Ignoring every picture, return the lines of the listing below word for word, from the line that holds "Fototapeta Naklejka Na" through the line that holds "泰山队教练组正式成立外籍助教加盟宿茂臻担任挂职角色".

GIVEN DATA:

-------

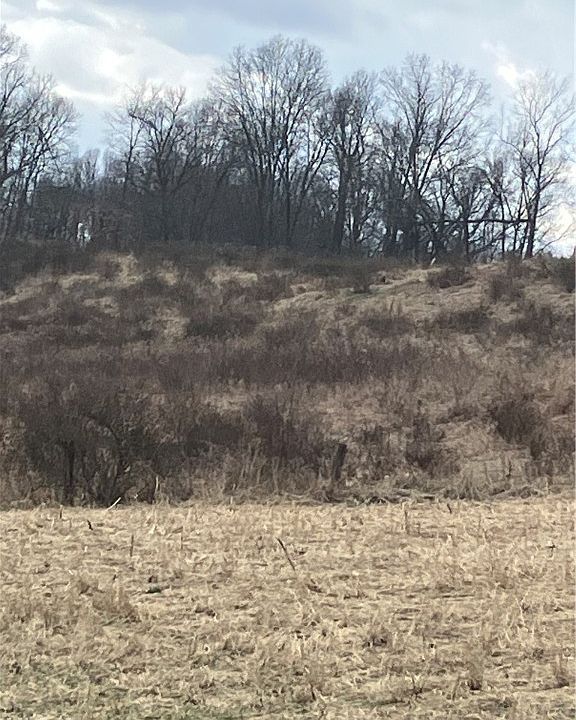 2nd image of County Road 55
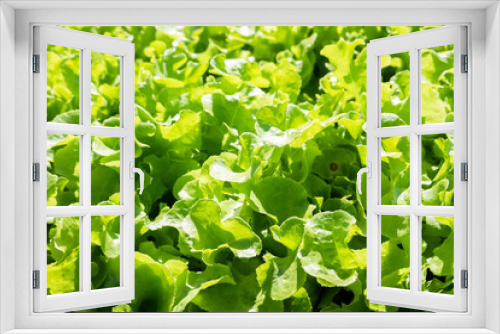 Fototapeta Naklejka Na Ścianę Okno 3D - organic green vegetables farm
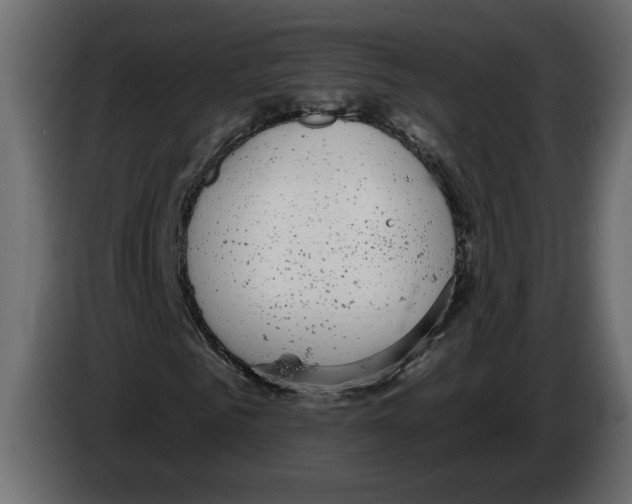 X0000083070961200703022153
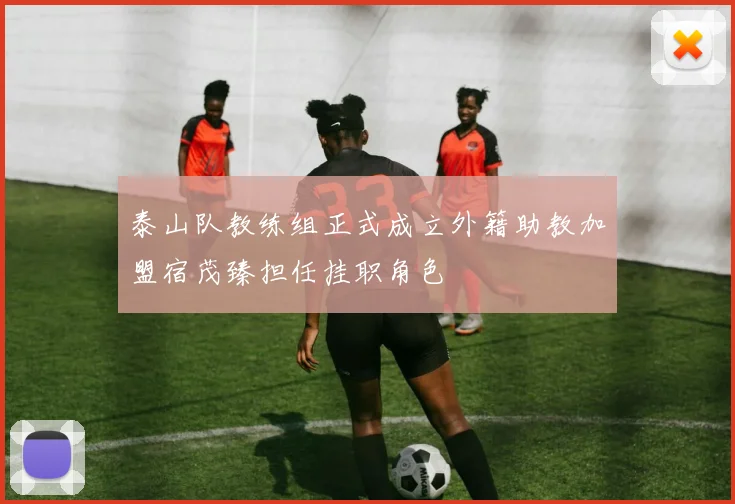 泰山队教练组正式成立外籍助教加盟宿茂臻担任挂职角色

-------

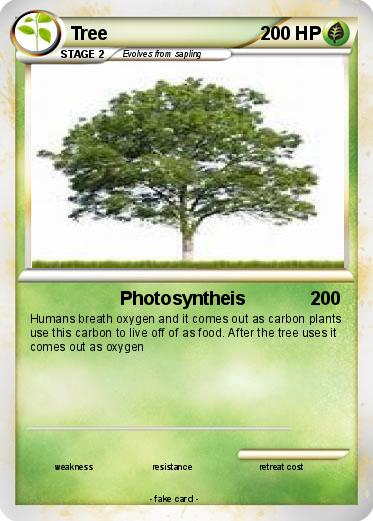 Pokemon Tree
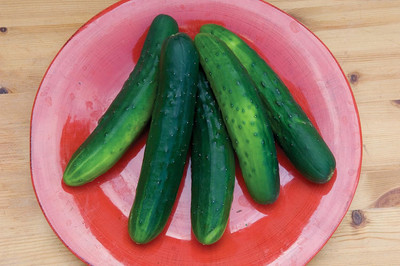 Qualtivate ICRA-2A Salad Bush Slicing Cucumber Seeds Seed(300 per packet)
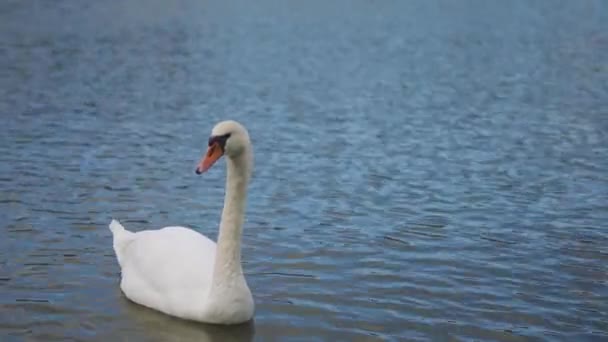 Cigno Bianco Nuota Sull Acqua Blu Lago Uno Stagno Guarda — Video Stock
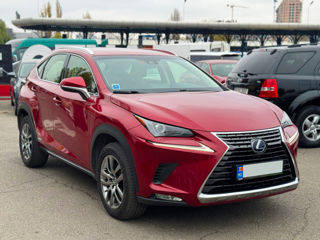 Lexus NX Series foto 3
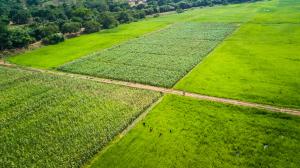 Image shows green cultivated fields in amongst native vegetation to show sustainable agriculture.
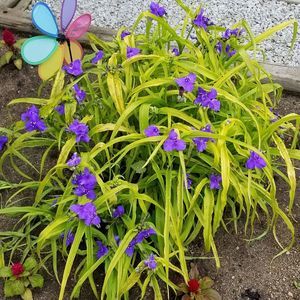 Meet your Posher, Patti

-------

ANSWER TO THIS EXERCISE:
 Fototapeta Naklejka Na Ścianę Okno 3D - organic green vegetables farm
 X0000083070961200703022153
 泰山队教练组正式成立外籍助教加盟宿茂臻担任挂职角色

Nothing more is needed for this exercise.